But I’m becoming sensitive to the fact that this is not a uni-dimensional continuum. Method is a complex set of practices of different kinds. “Too much” usually means imposition of unhelpful algorithms, where “too little” means having insufficient heuristic guidance (to use Roger Martin’s deeply flawed but nevertheless hugely useful “knowledge funnel” framework. And the flaw is assuming 1) the knowledge autonomously “evolves” from heuristic to algorithm, when in fact these are separate dimensions of practice, and 2) that algorithm is always, or even usually, more desirable than heuristic.)

 

3 thoughts on “Dimensionalizing method

  1. A good list I should review now and again. Another aspect of method is from Greenwald’s – “There Is Nothing So Theoretical as a Good Method. He draws the idea that theory and method exist as a dialectic. I would add that in the social sciences, a new method often takes the form of a new measurement process.
    I find those vestiges of a modernism problematic because they are often so strong in people’s implicit cognition.
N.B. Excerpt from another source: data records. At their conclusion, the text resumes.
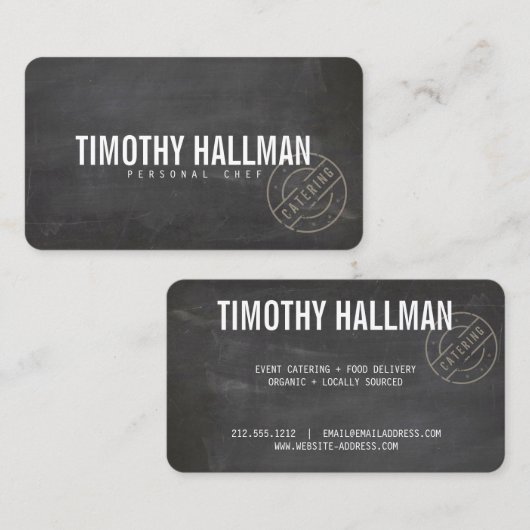 ヴィンテージ素朴スはっきりしたスタンプ付きロゴChalkboard II 名刺 (正面/裏面)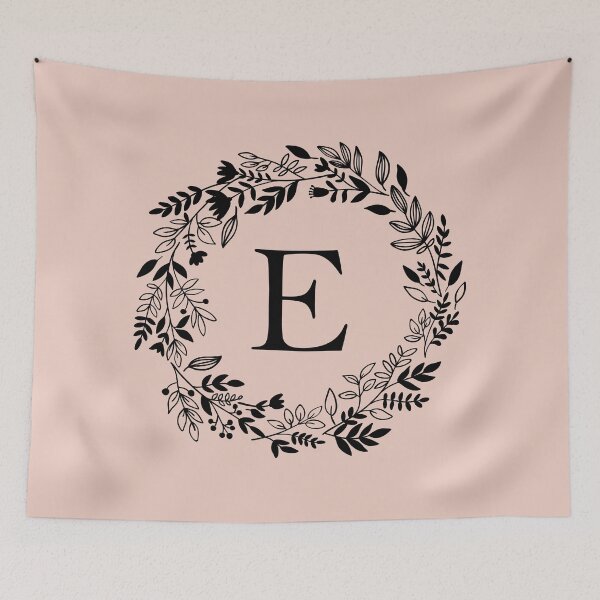 Item preview, Letter E with Floral Wreath - Initial E - Monogram Art designed and sold by thelustrous.
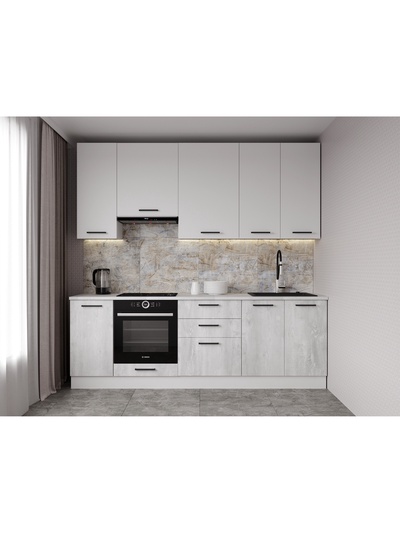 Кухонный гарнитур прямой «БЛАНКА», 2400×600 мм, столешница 26 мм, цвет жемчуг/пайн/марквина белый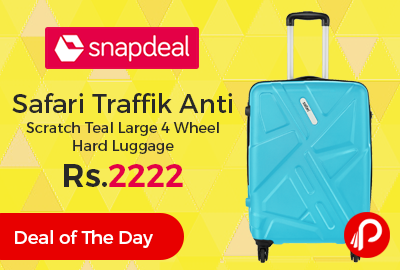 Safari Traffik Anti Scratch Teal Large 4 Wheel Hard Luggage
No one says they are a positivist / empiricist, but their implicit ways of thinking seem grounded in modernism. My interest in design has been a search for new ways of thinking that incorporates the old ways but moves beyond. Think I should read that Gadamer book again.

    1. Howard, great paper. Thanks for pointing it out. Have you read Leviathan and the Air-Pump? It seems like Greenwald has entered ANT territory.

      I’m curious how familiar the author is with hermeneutics and the role of Hermes in Greek myth. “Perhaps researchers who were active during the peaks of at least some of those controversies might consider collaborating on reports to describe the current state of their controversy. These collaborations might start by identifying empirical results that are accepted by all parties to the controversy. This could provide a path to discovering resolutions of the boundary-drawing or intertranslation variety.” — Hermes is the god responsible for boundaries, translations and (in his role as psychopomp) navigation of souls through the netherworld.